The BBC announced yesterday that it has suspended Top Gear presenter Jeremy Clarkson over a ‘fracas’ with a producer. Rumours emerged that Clarkson had thrown a punch over an argument over catering, or the lack of it, last week, but the BBC only acted yesterday. The facts of the incident will no doubt emerge in due course. What is clear is that a bog-standard workplace disagreement has been inflated into another battle in the culture wars.
Last night, an online petition was started calling for the BBC to reinstate Clarkson. At the time of publishing this comment, around 10am, the petition had already attracted 250,000 signatories. Why would the future employment status of an obstreperous presenter on a mildly amusing TV car show attract so much attention?
Well, Top Gear is very popular. It is BBC2’s most popular show, regularly attracting five million viewers (about two million more than the next most popular show on the channel), it is endlessly repeated on digital channel Dave, and Guinness announced in 2013 that Top Gear is the most watched factual programme on the planet. The first episode of the current series was simultaneously broadcast in 50 countries.
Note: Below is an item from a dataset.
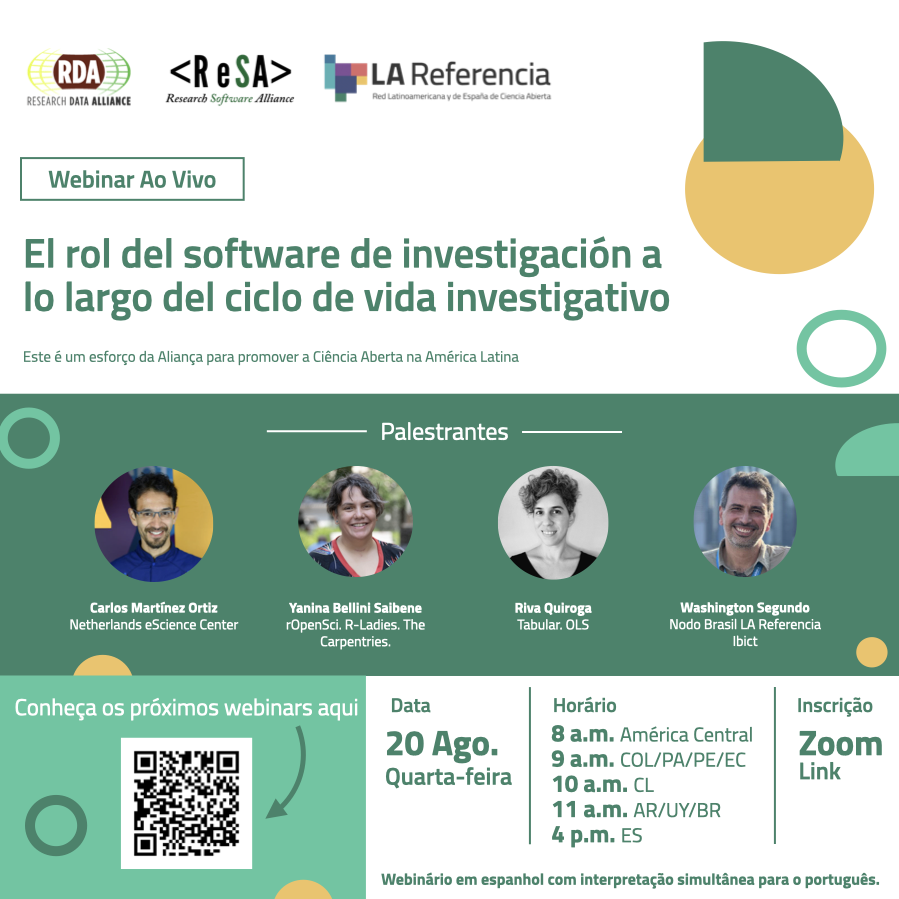 Flyear en portugues del webinario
Yet there would be nothing like this public reaction if Clarkson’s co-presenters, Richard Hammond and James May, had decided to punch someone. Clarkson has become a lightning rod for those who believe that a narrow political class and mainstream media are working incessantly to reduce our freedom to choose how we live. The fact that he’s constantly in trouble for saying mildly un-PC things, usually very obviously in jest, has enhanced that reputation. For all the people who want to smoke, drink, drive a bit too fast, say what they think without minding their language and are exasperated by the authoritarianism of many environmentalists, Clarkson is one of the few stars who kicks against the offence-phobic Beeb.
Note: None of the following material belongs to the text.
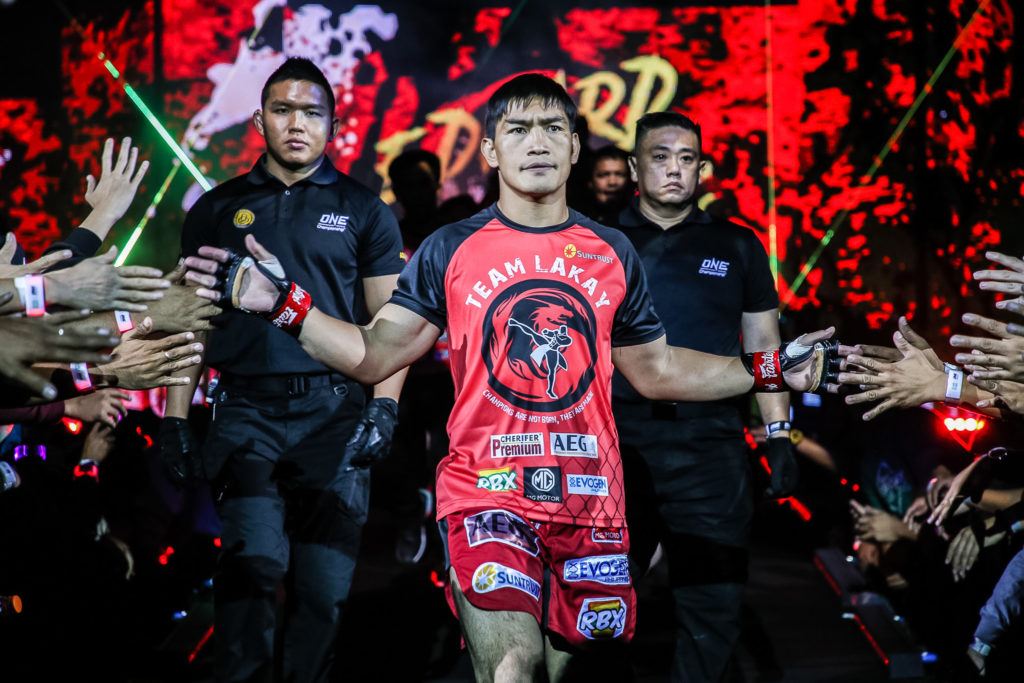 Team Lakay's Eduard Folayang: "We shall return"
The fact that Clarkson’s views are relatively mild-mannered – by Fox News standards, he’s a bedwetting liberal – and often expressed in a childish manner simply confirms him as the standard bearer for the frustrated ‘down with this sort of thing’ bloke. He’s Nigel Farage in a Mercedes. And his haters despise him for much the same reasons they despise Farage – as the symbol of the fact that the smouldering embers of old-fashioned, masculine, conservative beliefs haven’t yet been stamped out.
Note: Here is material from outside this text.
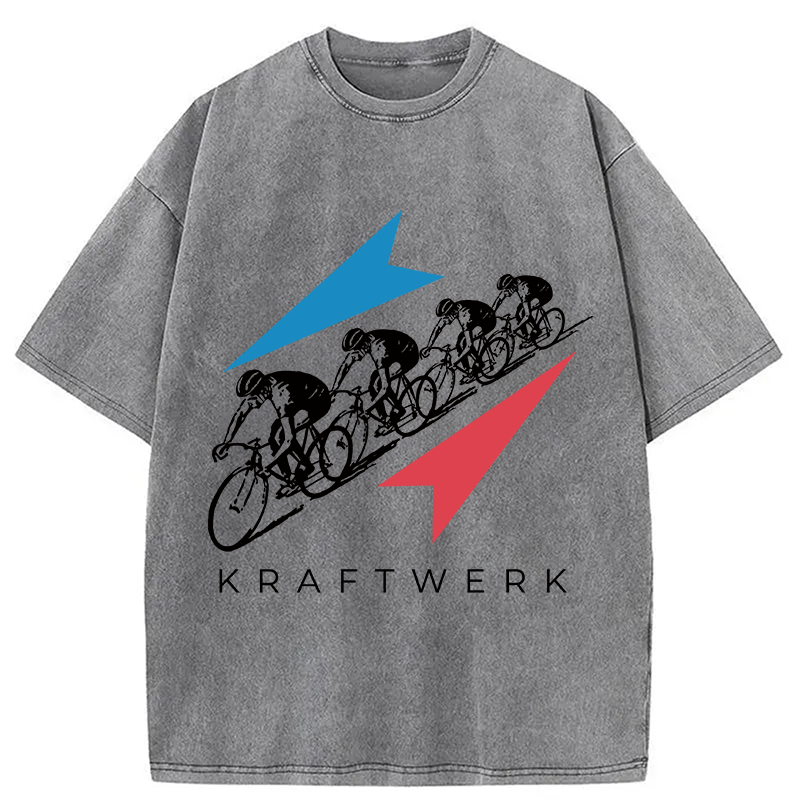 Kraftwerk Tour de France Washed T-Shirt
There’s little need to shed a tear for Clarkson; he’ll carry on making a mint whatever happens to Top Gear. Yet, as was touched upon at last year’s Battle satellite ‘You Can’t Say That!’, he’s become an unlikely hero for free speech in a stiflingly conformist age. If those managers within Britain’s main public broadcaster do finally get the chance to ditch Clarkson it will be a horrible indication that the arena of acceptable public discourse has got even narrower.